In the summer, it did not look like the Washington Wizards had a hope of becoming the force they craved to be.
After finishing tenth last season, they missed out on the playoffs and it cost Randy Wittman his job. Heading into this campaign, the Wizards had only made the postseason twice in the last eight years.
That was simply not good enough when you considered the talent they have at their disposal, especially in the backcourt.
John Wall is a former number one overall pick who is already a four-time All-Star. By all accounts, even statistically this season, he is the Wizards’ crown jewel and best player.
But, he is not paid like it right now.
Wall is averaging 22.9 points a night with 10.7 assists, 4.5 boards and 2.1 steals. He has also made 32 blocks this season.
His backcourt partner, Bradley Beal, is averaging 22.6 points, 3.6 dimes, 2.9 rebounds and one steal. He has managed 12 blocks this term.
Wall will earn $15,756,438 this season – the third-highest paid player on the team – while Beal will take home $22,116,750 after signing a max-contract last summer.
In fact, Beal is the 16th best-paid player in the league and the eight-best paid guard.
As you can imagine, that seemed to breed a point of contention, especially when Wall made comments like these ahead of the 2016-17 season.
“I think a lot of times we have a tendency to dislike each other on the court. … We got to be able to put that to the side,” Wall said. “If you miss somebody on one play or don’t have something go right … as long as you come to each other and talk. If I starting arguing with somebody I’m cool. I’m just playing basketball.”
However, both men have moved to silence the murmurs of discontent since and the results have been for all to see on the court this year.
“This is my brother at the end of the day,” Beal told The Vertical. “Nothing is going to change. If I didn’t want to be here, if we did beef, I wouldn’t have signed my contract.
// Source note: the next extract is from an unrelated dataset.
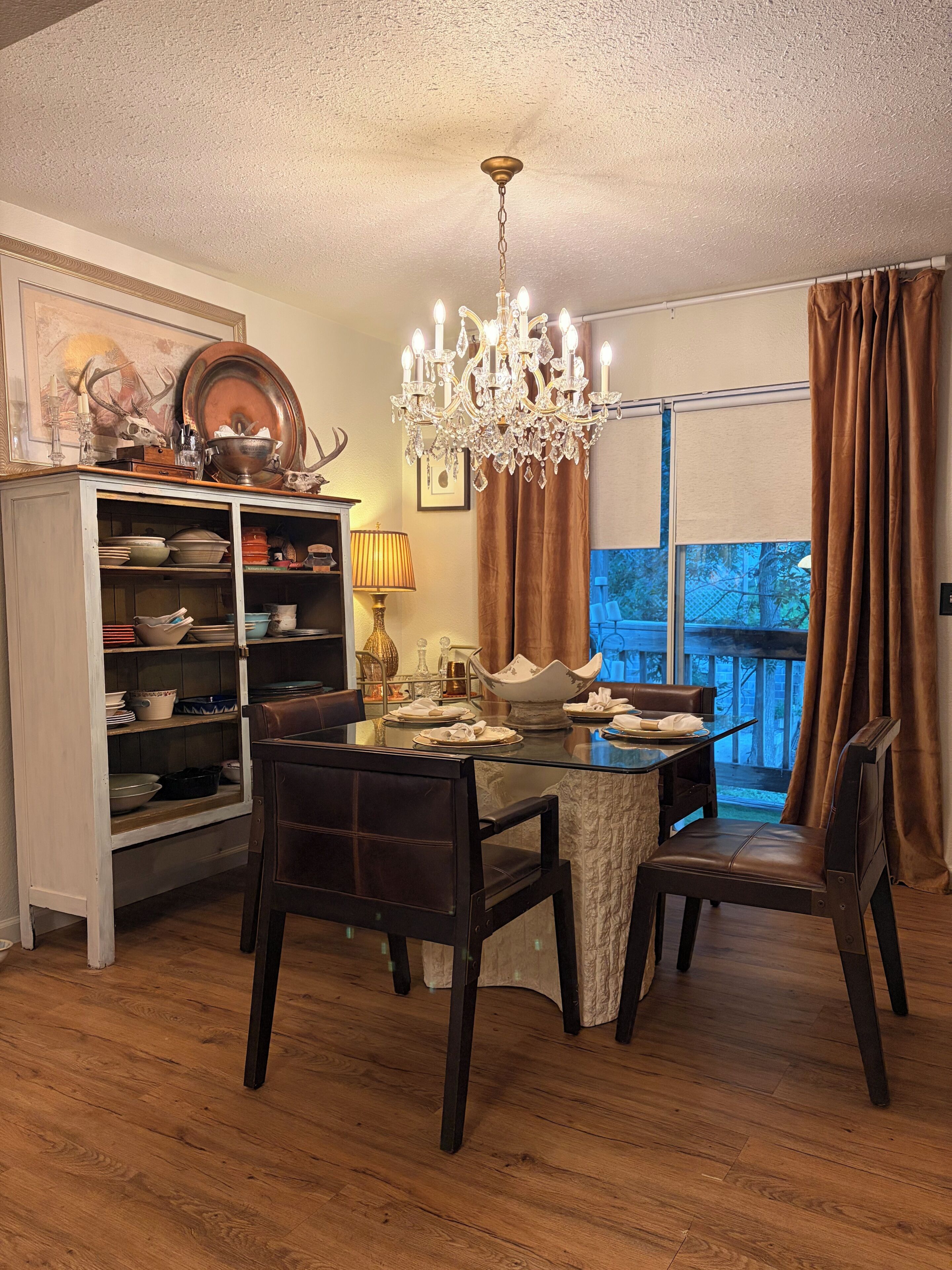 A dining area with a glass table, dark chairs, a chandelier, a cabinet with dishes, and a window with curtains.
That’s what it ultimately comes down to.”
“And I wouldn’t have begged him to come back,” Wall interjected. “I would’ve been, ‘Don’t come back because in two years, I ain’t coming back.’ We would’ve figured something out. … I think everybody blew it out of proportion for no reason. I mean, if you look at any two great teammates, and two young, great guys, that’s talented and want to be great, you’re going to have ups and downs. Everything is not going to be perfect.”
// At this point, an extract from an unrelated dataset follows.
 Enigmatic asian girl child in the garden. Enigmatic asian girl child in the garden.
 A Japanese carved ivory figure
So how have they risen to third in the Eastern Conference?
Coach Scott Brooks has done a tremendous job of maximising the influence of his two guards and having them use their elite athleticism to run the floor.
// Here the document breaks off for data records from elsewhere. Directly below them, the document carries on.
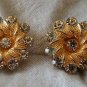 Signed BSK Gold tone textured flower earrings clear rhinestone vintage bling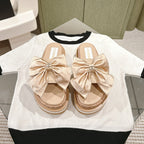 CHANEL SLIPPERS WITH SILK BOW IN BEIGE ALMOND COWHIDE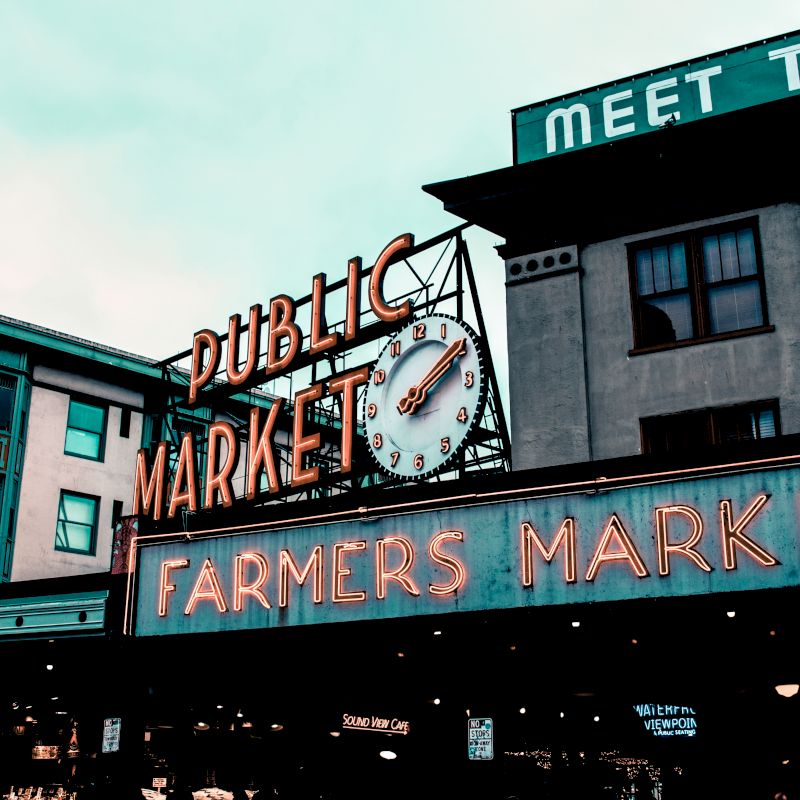 This image shows the famous neon signs of the Public Market and Farmers Market at Pike Place Market in Seattle, with buildings in the background.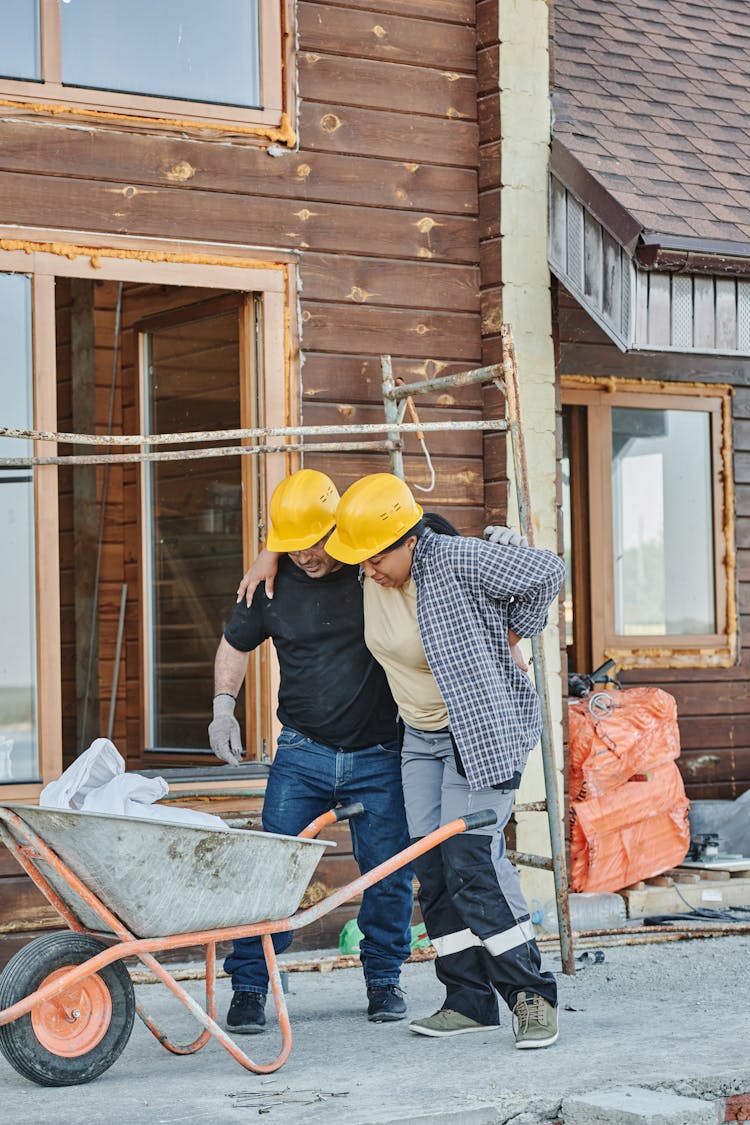 A Construction Worker Helping A Colleague Walk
The tall trees likes Markieff Morris and Marcin Gortat have played their roles well too, creating space and prioritising screens to help the guards flourish.
There is no doubt the plights of the New York Knicks and the Chicago Bulls have helped as well, but where those franchises gambled and lost with big names, the Wizards focused on developing what they had in-house.
When it comes to the fast-paced, floor-spacing NBA of today, the ability to stretch the game and run opponents is a quality that all the top teams exhibit.
The Wizards, behind Brooks’ vision, have invested in that strategy and while they have Beal – an elite shooter in the league – and Wall – one of the most dynamic guards in the Association – playing into that system, they are bound for postseason action.
Perhaps the turbulent summer that saw the relationship between Wall and Beal scrutinised did them more good than harm. However, the introduction of Brooks has helped them flourish the most.